Episode 8 (March 15)
This episode covered "The Best of the Blind Auditions", which included a recap and a sneak peek for the battles.

The Battles
The Battles round started with episode 9 and ended with episode 12 (broadcast on March 20, 21, 27, 28, 2017). Season twelve's advisors include: John Legend for Team Adam, Celine Dion for Team Gwen, DJ Khaled for Team Alicia and Luke Bryan for Team Blake. Like previous Battles, coaches can steal any two losing artists from another coach.

Color key:

The Knockouts
The Knockouts round started with episode 13 and ended with episode 15 (broadcast on April 3, 4, 10, 2017). The coaches can each steal one losing artist. The top 20 contestants will then move on to the "Live Shows." Unlike previous Knockouts, there are no key advisors in this round.

Color key:

Live shows
Color key:

Week 1: Live Playoffs (April 17 & 18)
Playoff results was voted on in real time, exclusively through Twitter and The Voice app. 12 artists sang live on one of two shows and six were eliminated by the end of each night. As with Seasons 9 & 10, each coach brought back one eliminated artist of their choice to join the top 20 and compete in the Live Playoffs. The Monday's performance featured Teams Alicia and Blake, followed by Teams Adam and Gwen on Tuesday.

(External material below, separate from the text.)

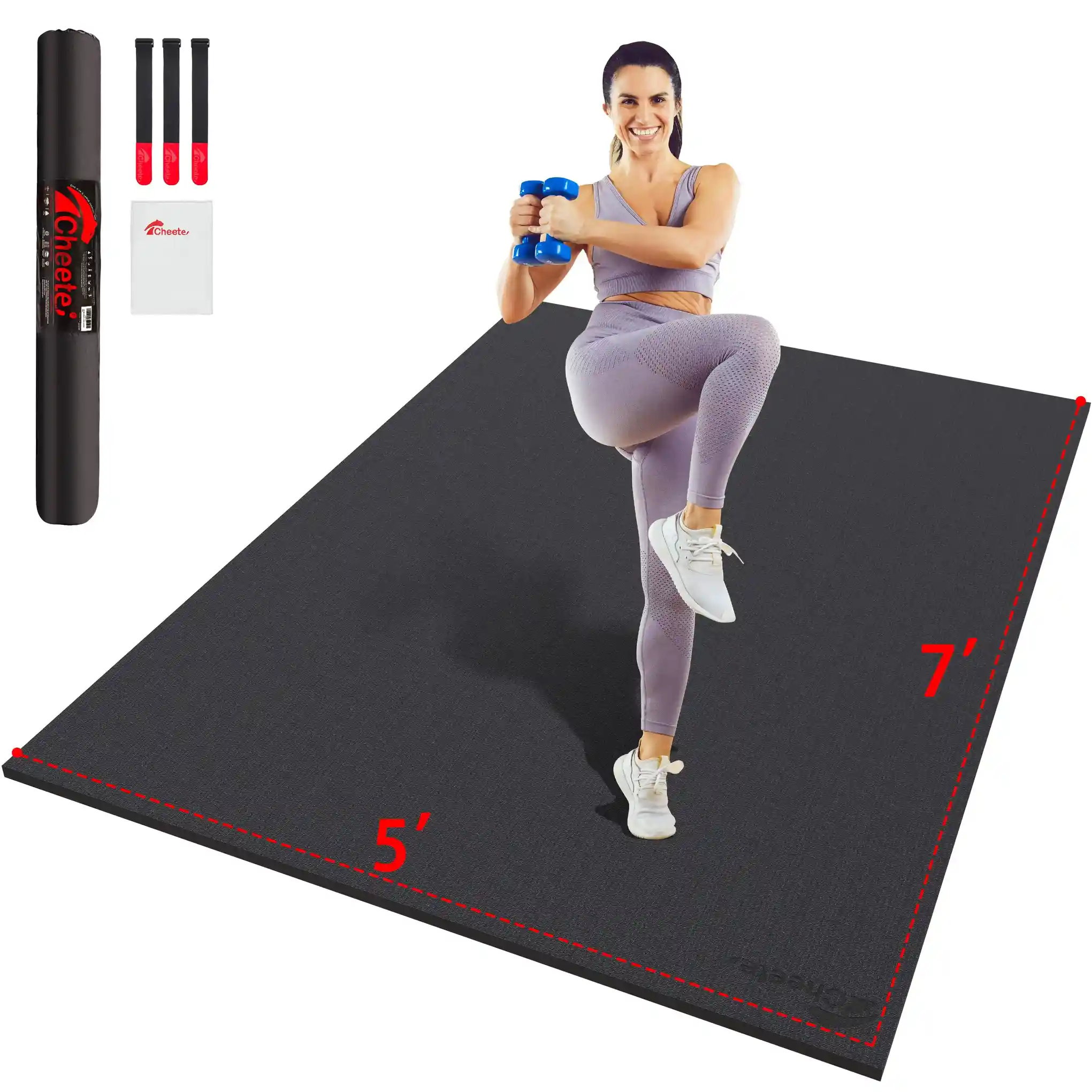 CHEETE Large Exercise Mat - 7 5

Week 2: Top 12 (April 24 & 25)
The Top 12 performed on Monday, April 24, 2017, with the results following on Tuesday, April 25, 2017. For the next two weeks, the bottom two artists with the fewest votes performed for the Instant Save with one artist being eliminated. For the first time on The Voice, Shania Twain - who advised all the members of the Top 12 - sat in with the other coaches on a fifth chair. iTunes multiplier bonuses was awarded to Brennley Brown (#7).

Week 3: Top 11 (May 1 & 2)
The Top 11 performed on Monday, May 1, 2017, with the results following on Tuesday, May 2, 2017. iTunes multiplier bonuses were awarded to Lauren Duski (#3) and Hunter Plake (#10).

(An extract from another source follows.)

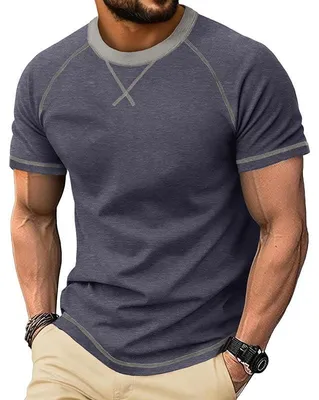 Produktbild von Heren-T-Shirt – Kurze Ärmel – Slim Fit – Lila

Week 4: Top 10 (May 8 & 9)
The Top 10 performed Monday, May 8, 2017, with the results following on Tuesday, May 9, 2017. This week featured a double elimination and the bottom three artists were to perform again for the Instant Save. iTunes bonus multiplier were awarded to Plake (#9) and Duski (#10).

Week 5: Semifinals (May 15 & 16)
The Top 8 performed on Monday, May 15, 2017, with the results following on Tuesday, May 16, 2017. For the first time, the duets between contestants were part of the competition and public voting, including the bonus awarded for that performance. In the semifinals, three artists would automatically move to next week's finale, the two artists with the fewest votes would be immediately eliminated and the middle three would contend for the remaining spot in the next week's finals via the Instant Save. iTunes bonus multipliers were awarded to Duski (#1), Chris Blue (#2), Aliyah Moulden (#7) and Plake (#10), and for the first time ever, a duet was awarded a bonus with performances for Vanessa Ferguson and Blue (#6).

With the eliminations of Brown and Plake, Stefani no longer has artists on her team.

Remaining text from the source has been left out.